**AVAILABLE DATA**:
= = = = =

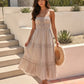 Light Grey Tiered Spaghetti Strap Smocked Waist Maxi Dress OMFORT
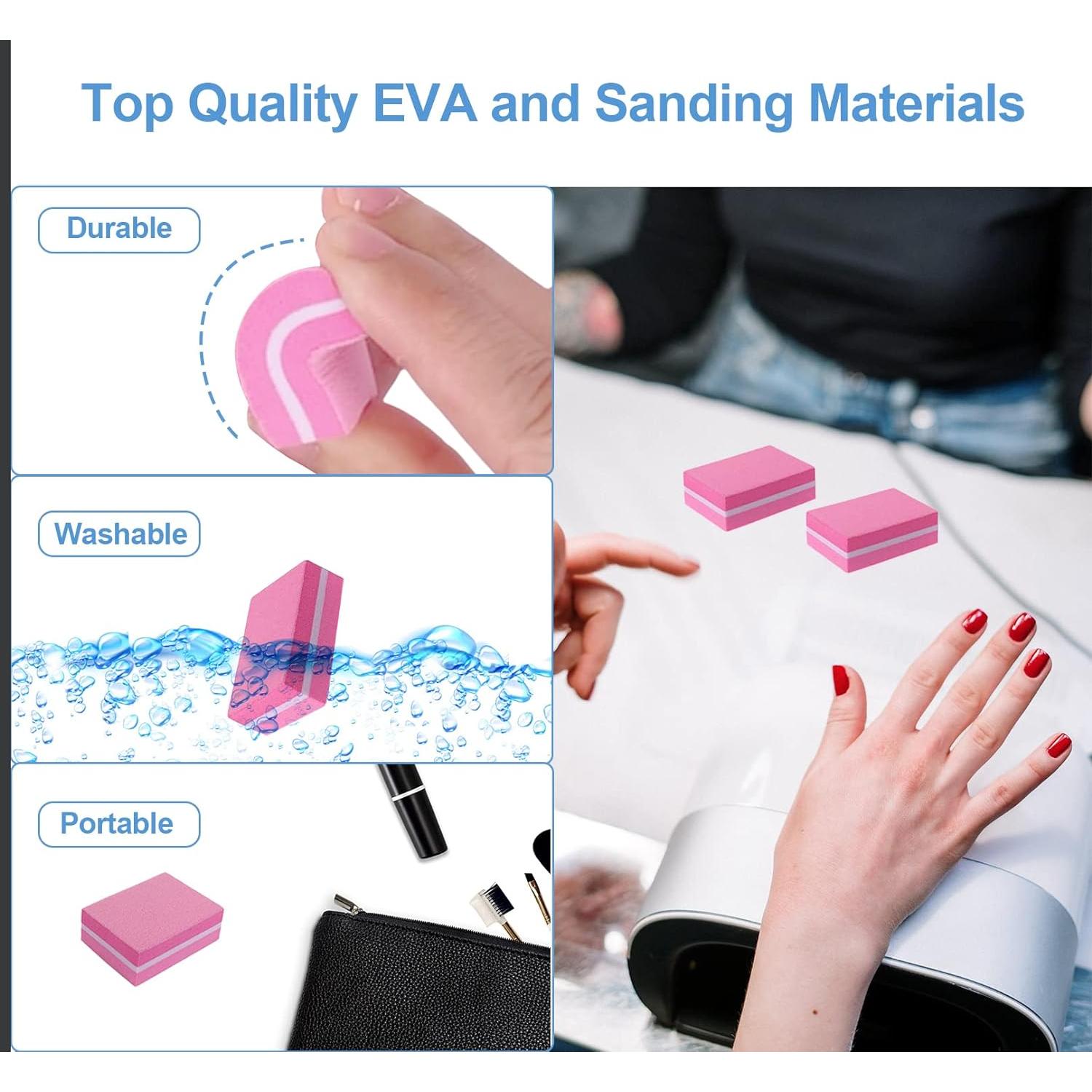 Bloques de Pulido de Uñas AhaTopia 50 Pcs 100/180 Granos Rosa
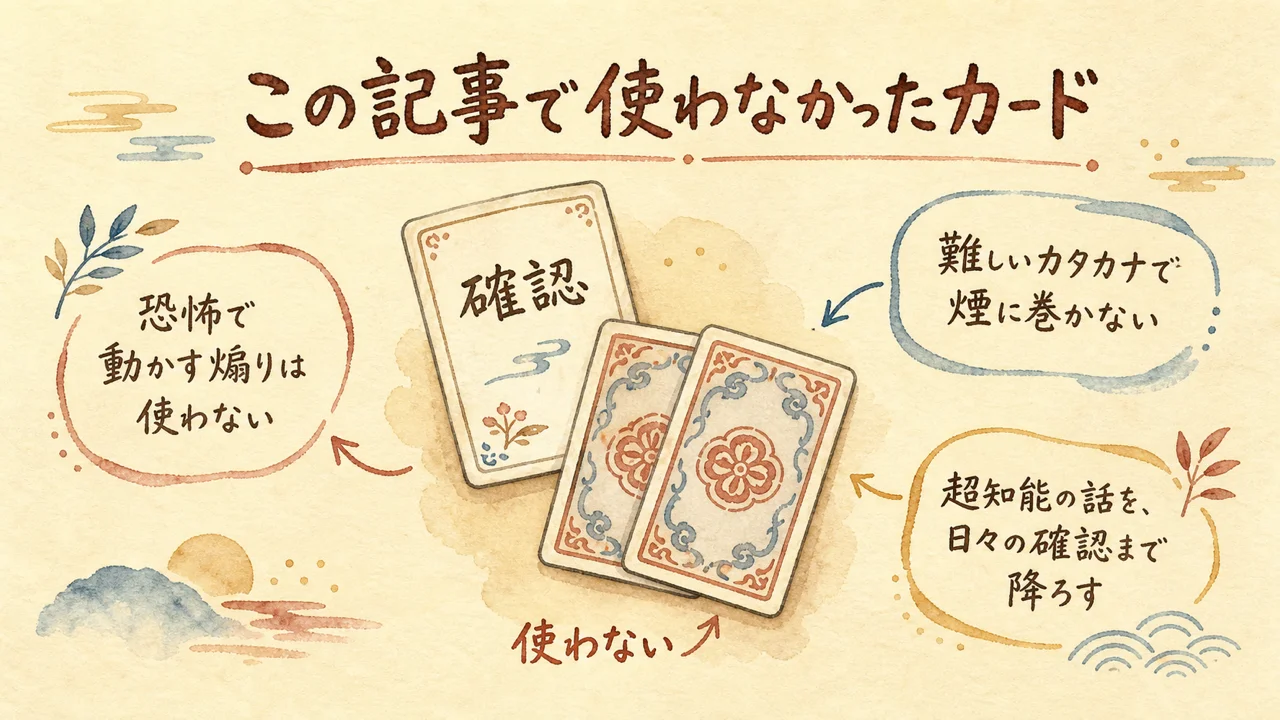 この記事で使わなかったカードを示す図解。伏せられた2枚のカードと、確認と書かれた表向きのカード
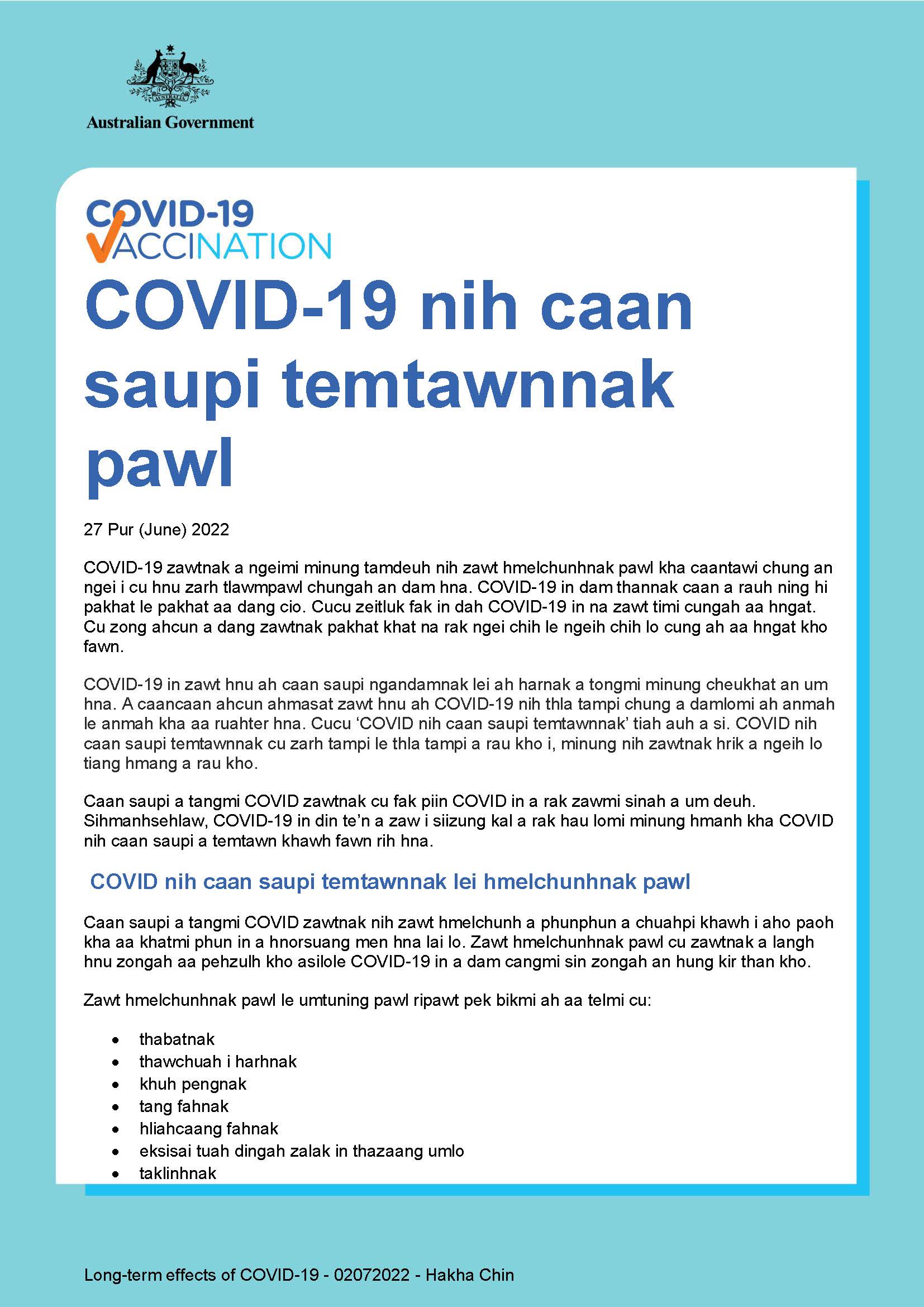 COVID-19 nih caan saupi temtawnnak pawl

= = = = =

**ASSIGNED TASK**: Write the lines above out again exactly, without any of their pictures.

**EXPECTED ANSWER**:
 Light Grey Tiered Spaghetti Strap Smocked Waist Maxi Dress OMFORT
 Bloques de Pulido de Uñas AhaTopia 50 Pcs 100/180 Granos Rosa
 この記事で使わなかったカードを示す図解。伏せられた2枚のカードと、確認と書かれた表向きのカード
 COVID-19 nih caan saupi temtawnnak pawl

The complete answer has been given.